‘Possible, but still far away’: Offshore wind farms and aquaculture may one day go hand-in-hand

Bonnie Waycott

Initiatives to unite aquaculture and offshore wind farms are popping up globally but they face technical, cost and environmental challenges

offshore wind farms
Photo courtesy of Mingyang Smart Energy.

In July, Chinese firm Mingyang Smart Energy announced the completion of a wind turbine foundation containing a net cage for fish farming. The structure also comes with remote functions such as automated feeding, monitoring, detection and harvesting, and is due to be installed off Guangdong province. Annual production is estimated at around 75 tons of fish.

This announcement is the latest in a series of initiatives to bring together aquaculture and offshore wind farms. North Sea Farmers, a Dutch foundation that is working to develop and strengthen the seaweed industry, is aiming to establish a large-scale seaweed cultivation system within wind farms in the Dutch North Sea.

Also in the Netherlands, engineering firm OOS International is building a semi-submersible mussel farm for deployment around offshore wind sites.
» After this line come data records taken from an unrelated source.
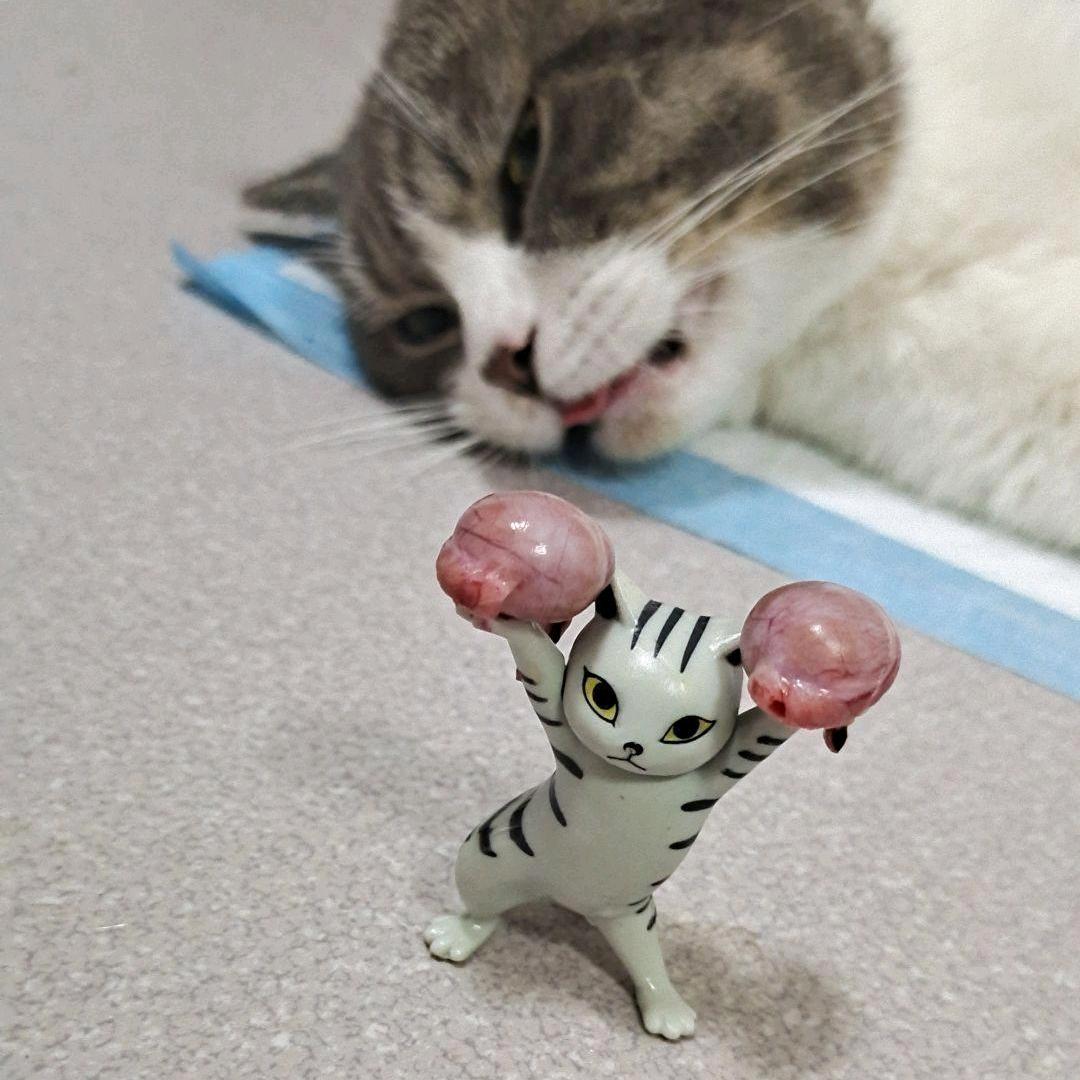 哈哈哥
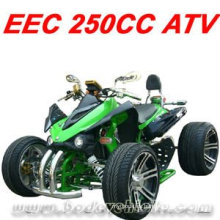 CUADRADO DEL ATV DE RACING 250CC (MC-388)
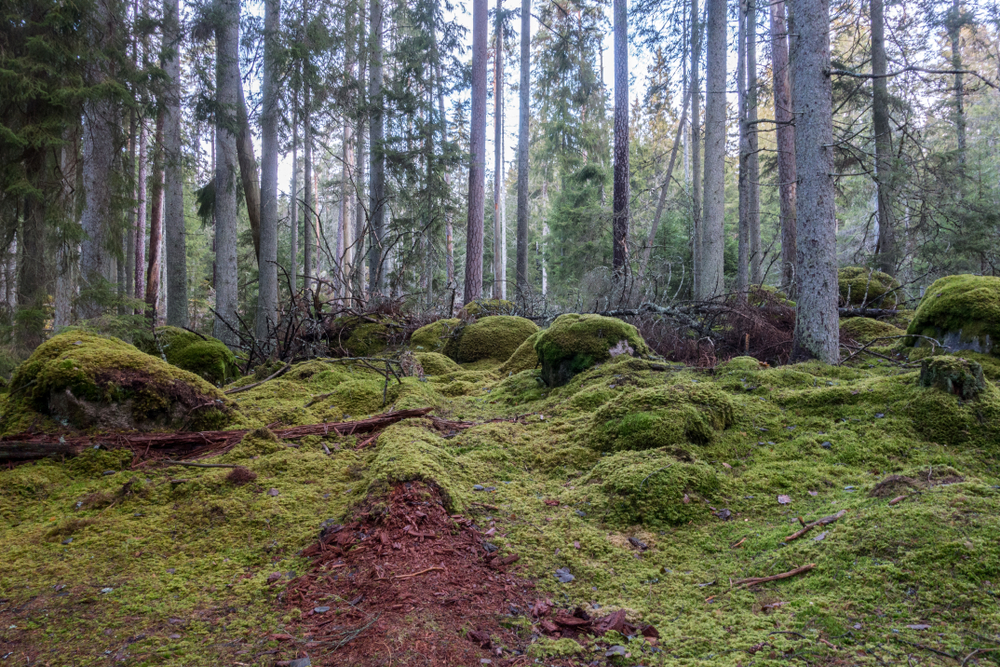 Norra Kvill wandern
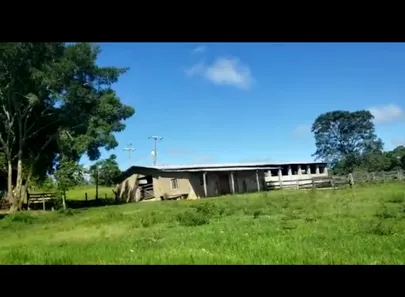 Fazenda/Sítio à venda no Centro, Padre Bernardo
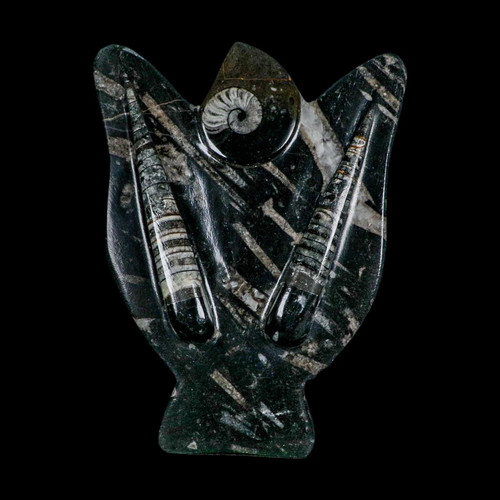 Orthoceras and goniatite - 8",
Elsewhere, the OLAMUR  and ULTFARMS  projects in Norway, Belgium, the Netherlands, Germany and Denmark aim to integrate either kelp, oyster or mussel production with renewable wind energy in the North and Baltic Seas.
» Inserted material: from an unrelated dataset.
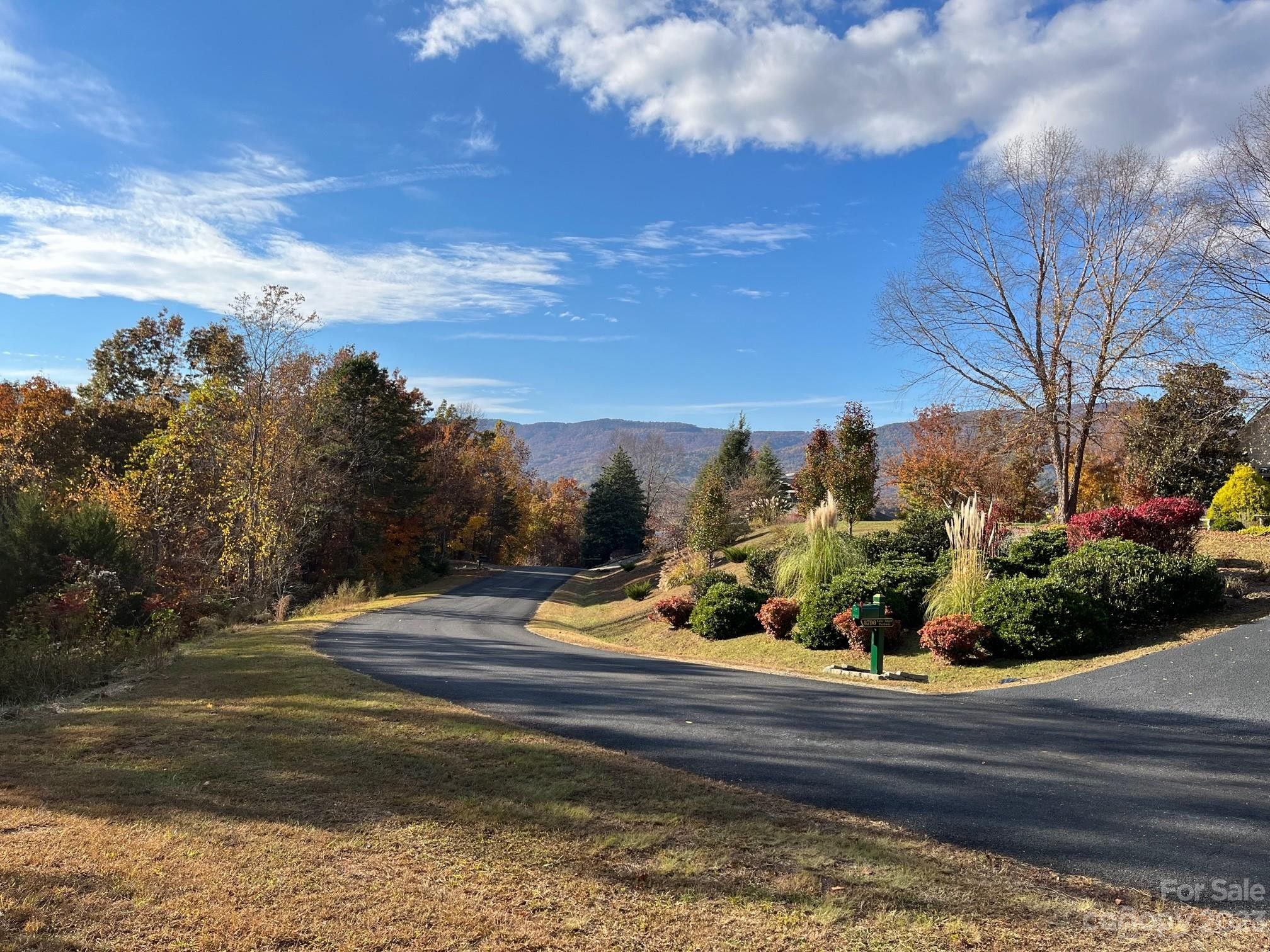 Mill Spring, Polk County, NC Farms and Ranches for sale Property ID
Offshore wind farms appear to be suitable environments for species like fish and crustaceans, according to researchers at Wageningen Marine Research (WMR) in the Netherlands. Artificial reefs at Borssele 1 and 2 wind farm off the coast of Zeeland show that species such as Atlantic cod   (Gadus morhua) can often be found nearby, using the reefs as a base, while benthic species like lobster are also drawn to the area.
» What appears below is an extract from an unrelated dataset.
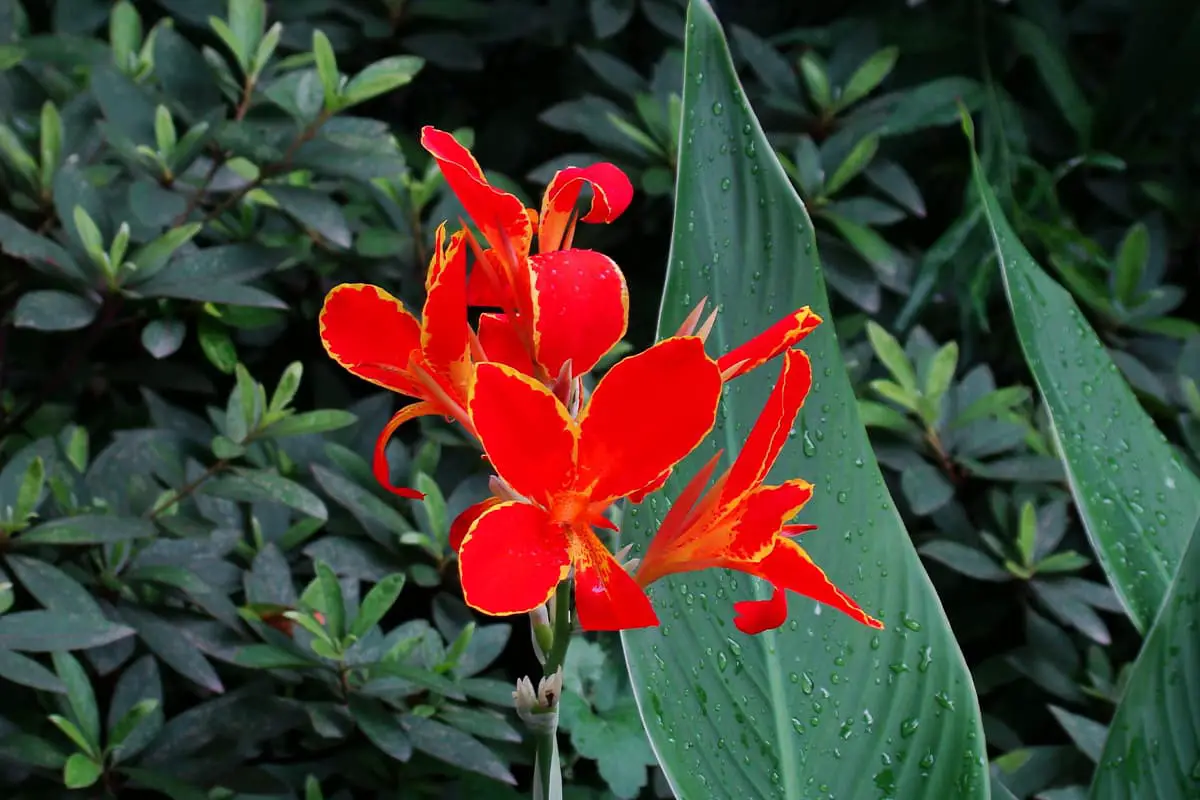 Canna indica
Acoustic transmitters fitted on Atlantic cod and lobster provided the WMR researchers with data on GPS coordinates and how both species interacted with the artificial reefs. Lobster remained on the reefs and in their immediate surroundings for a few days, possibly foraging, before migrating further.  Atlantic cod stayed around the reefs for longer than expected, particularly during the summer.

“We were contracted to monitor species, in particular Atlantic cod, before the deployment of the artificial reefs at Borssele,” Benoît Bergès, research scientist at WMR told the Advocate. The reefs were deployed in 2020 and the study began the following year, he added.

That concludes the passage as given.